__INSTRUCTIONS FOR THE TASK__. Transcribe every record verbatim; no pictures.

__DATA SECTION__.
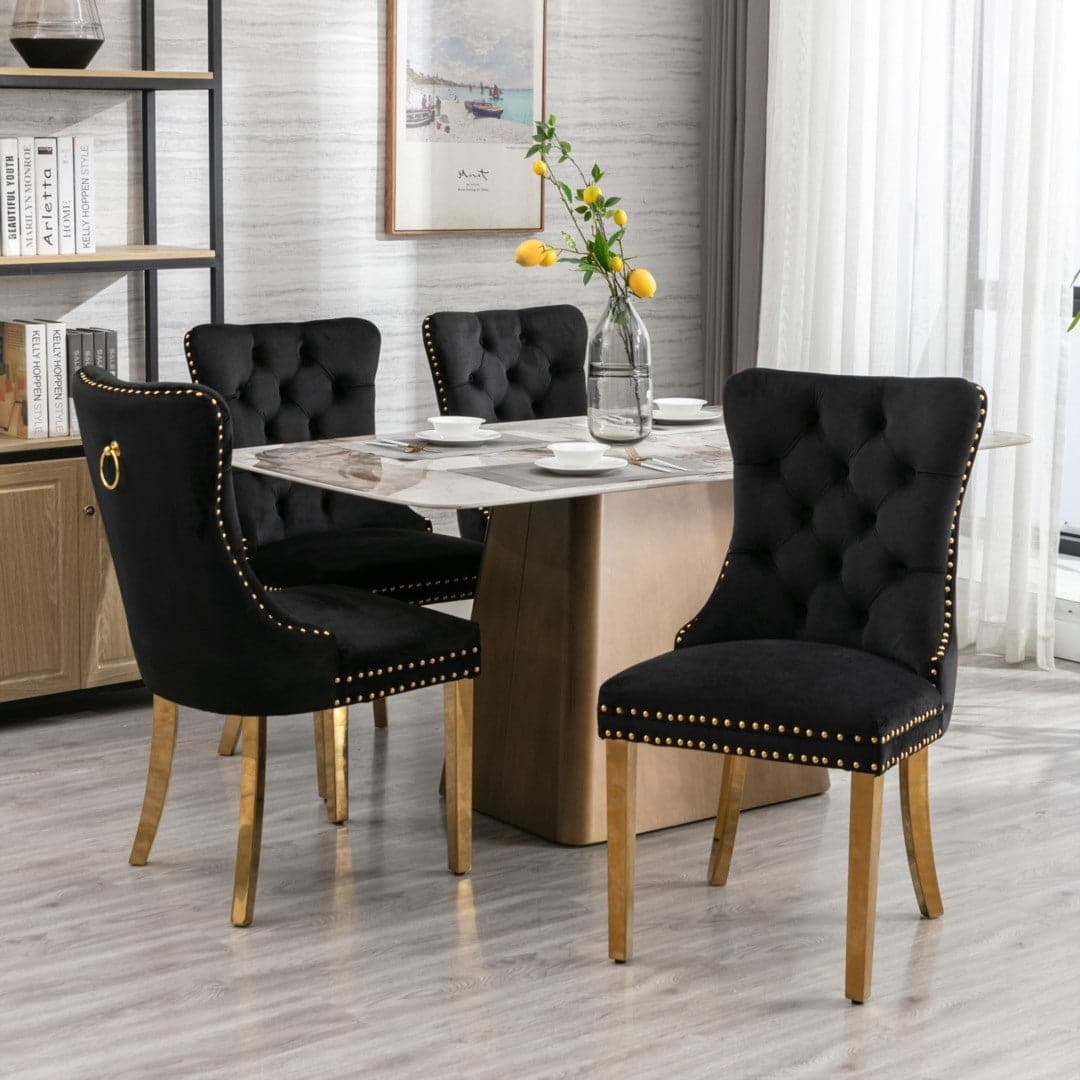 8x Velvet Dining Chairs with Golden Metal Legs-Black-Furniture > Bar Stools & Chairs-PEROZ Accessories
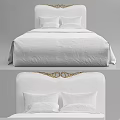 Double Bed with White Bed Sheets Pillows and White Headboard Golden Decoration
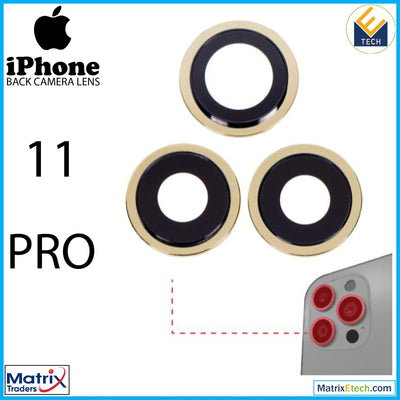 iPhone 11 Pro Back Camera Lens With Bracket & Bezel (3 Piece Set) - Matrix Traders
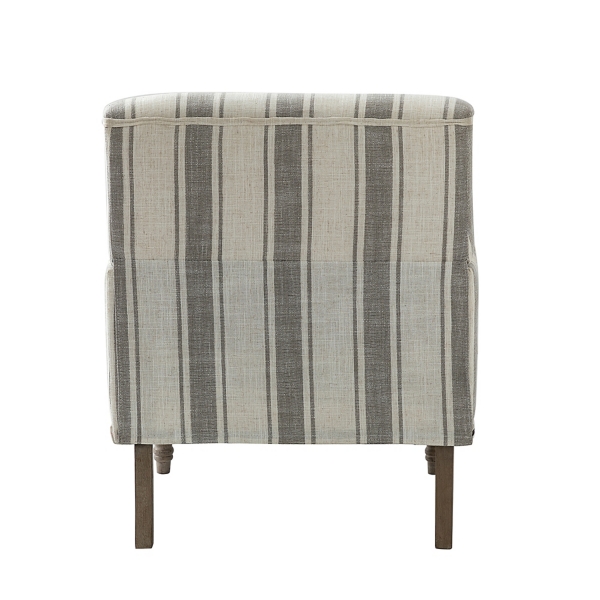 White Stripe Upholstered Accent Chair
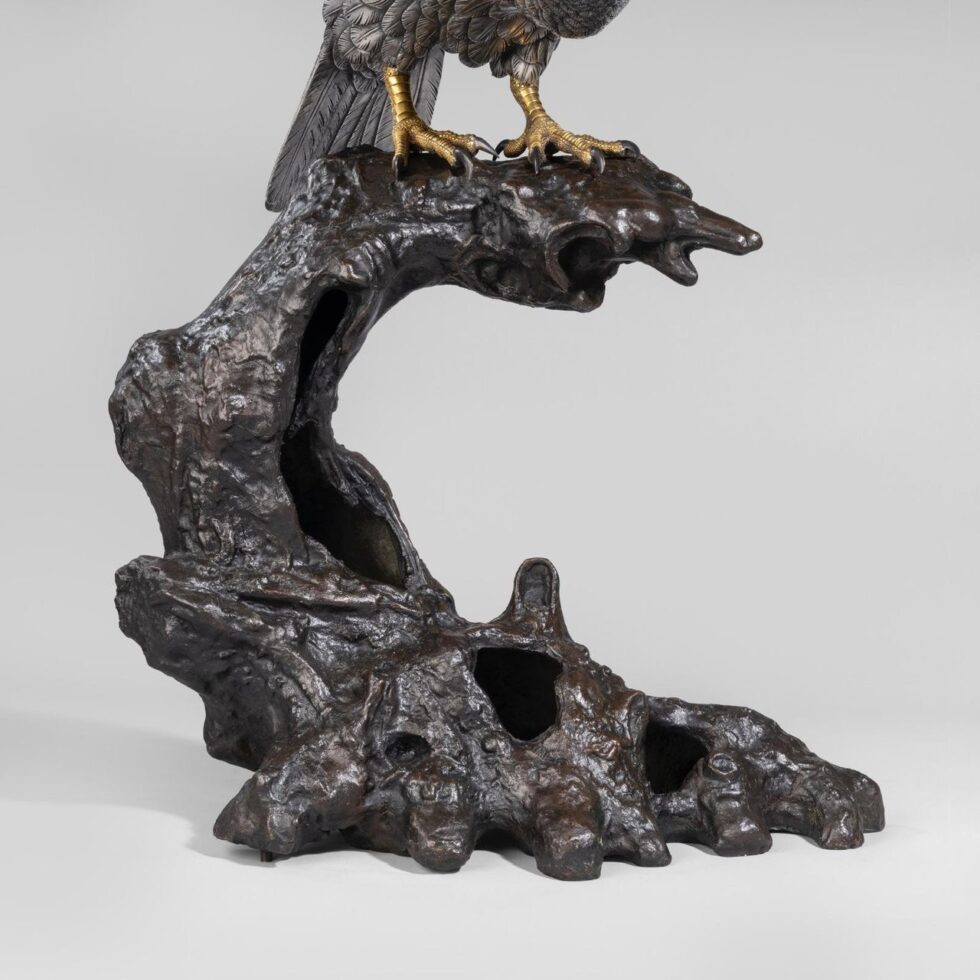 Contemporary Silver-Plated Bronze Eagle - Image 4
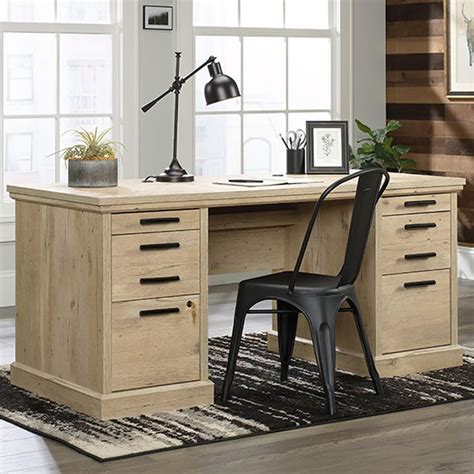 Sauder Aspen Post Executive Desk In Prime Oak Nfm Wood Office Desk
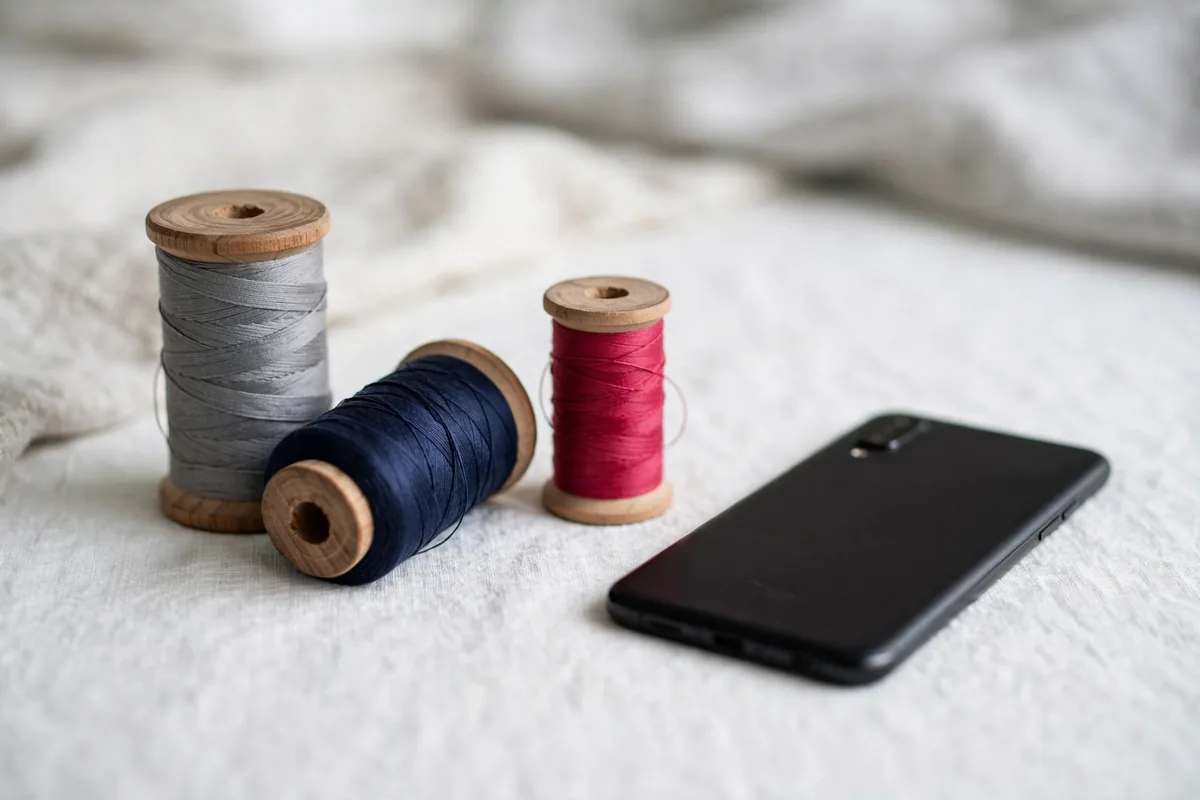 Thread spools and a phone on a white table
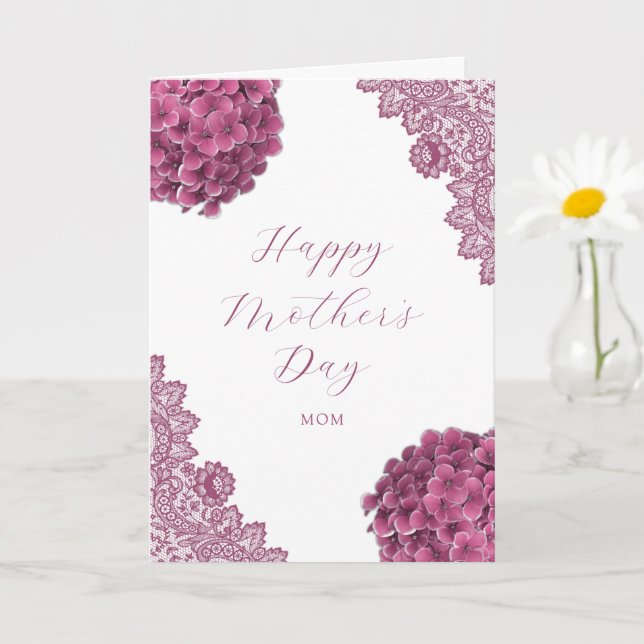 Chic Pink Floral Photo Happy Mother's Day Card (Small Plant)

__EXERCISE SOLUTION__.
 8x Velvet Dining Chairs with Golden Metal Legs-Black-Furniture > Bar Stools & Chairs-PEROZ Accessories
 Double Bed with White Bed Sheets Pillows and White Headboard Golden Decoration
 iPhone 11 Pro Back Camera Lens With Bracket & Bezel (3 Piece Set) - Matrix Traders
 White Stripe Upholstered Accent Chair
 Contemporary Silver-Plated Bronze Eagle - Image 4
 Sauder Aspen Post Executive Desk In Prime Oak Nfm Wood Office Desk
 Thread spools and a phone on a white table
 Chic Pink Floral Photo Happy Mother's Day Card (Small Plant)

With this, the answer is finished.